- TASK REQUIREMENTS -
Please return each entry exactly as it appears, but not the pictures.

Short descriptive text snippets
::::

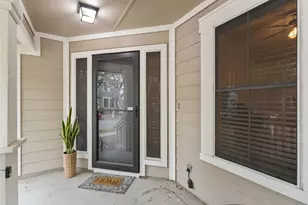 317 Strawn, Kyle, TX 78640 - Photo 7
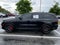 2022 Dodge Durango SRT 392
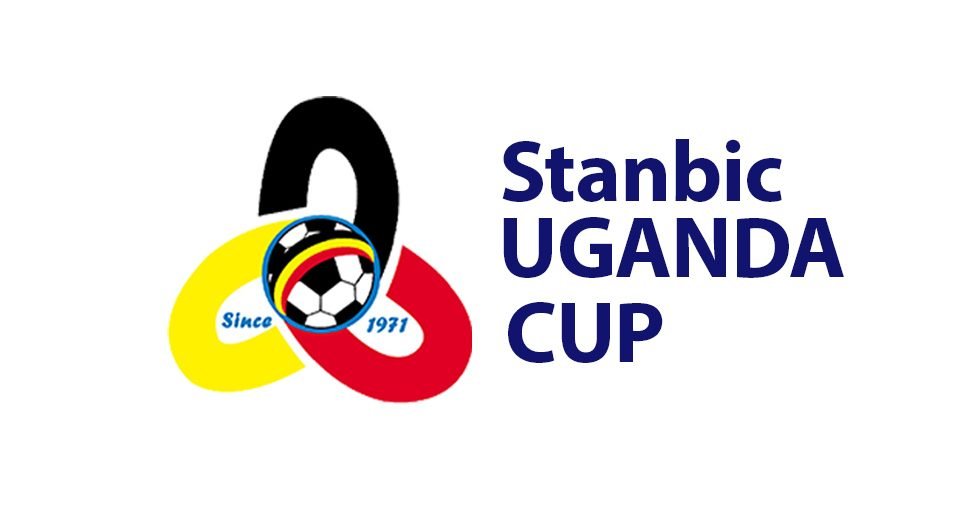 Stanbic Uganda Cup: Holders BUL FC have been drawn against SC Villa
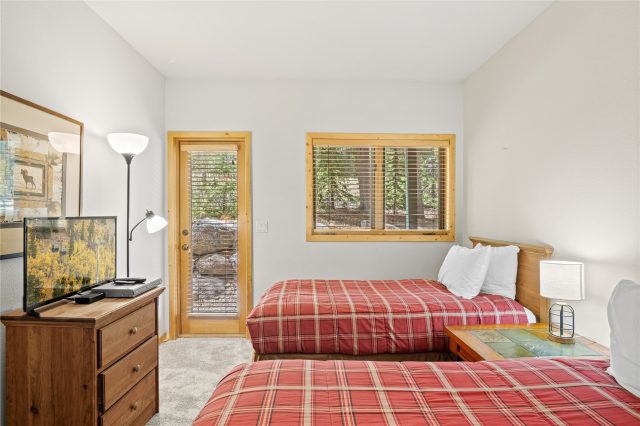 260 Ski Hill Road A1 photo 30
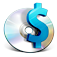 iTunezzBill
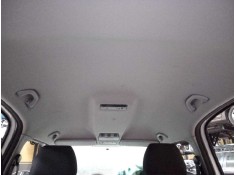 TECHO INTERIOR 
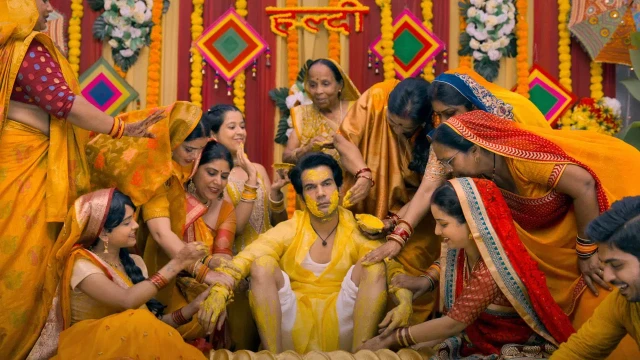 Xatoyimni kechir / Meni kechir xotinjon backdrop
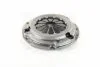 <strong>Кошик зчеплення HONDA CIVIC IV-V-VI-VII 1.5i-1.6 16V 87-05 (Вир-во) EXEDY HCC902 (фото 1)</strong>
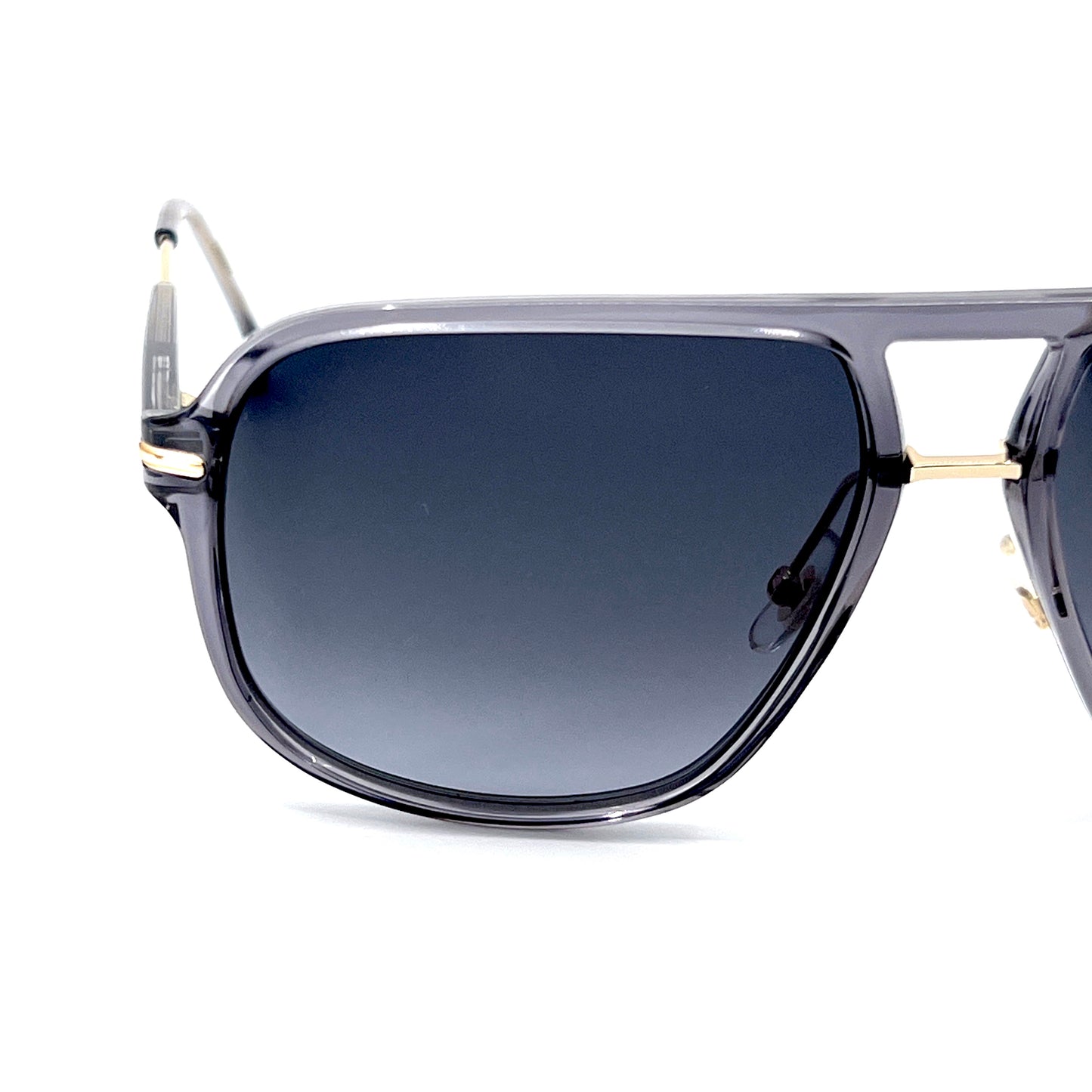 CARRERA Sunglasses 296/S KB79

::::

- SOLUTION BELOW -
 317 Strawn, Kyle, TX 78640 - Photo 7
 2022 Dodge Durango SRT 392
 Stanbic Uganda Cup: Holders BUL FC have been drawn against SC Villa
 260 Ski Hill Road A1 photo 30
 iTunezzBill
 TECHO INTERIOR 
 Xatoyimni kechir / Meni kechir xotinjon backdrop
 <strong>Кошик зчеплення HONDA CIVIC IV-V-VI-VII 1.5i-1.6 16V 87-05 (Вир-во) EXEDY HCC902 (фото 1)</strong>
 CARRERA Sunglasses 296/S KB79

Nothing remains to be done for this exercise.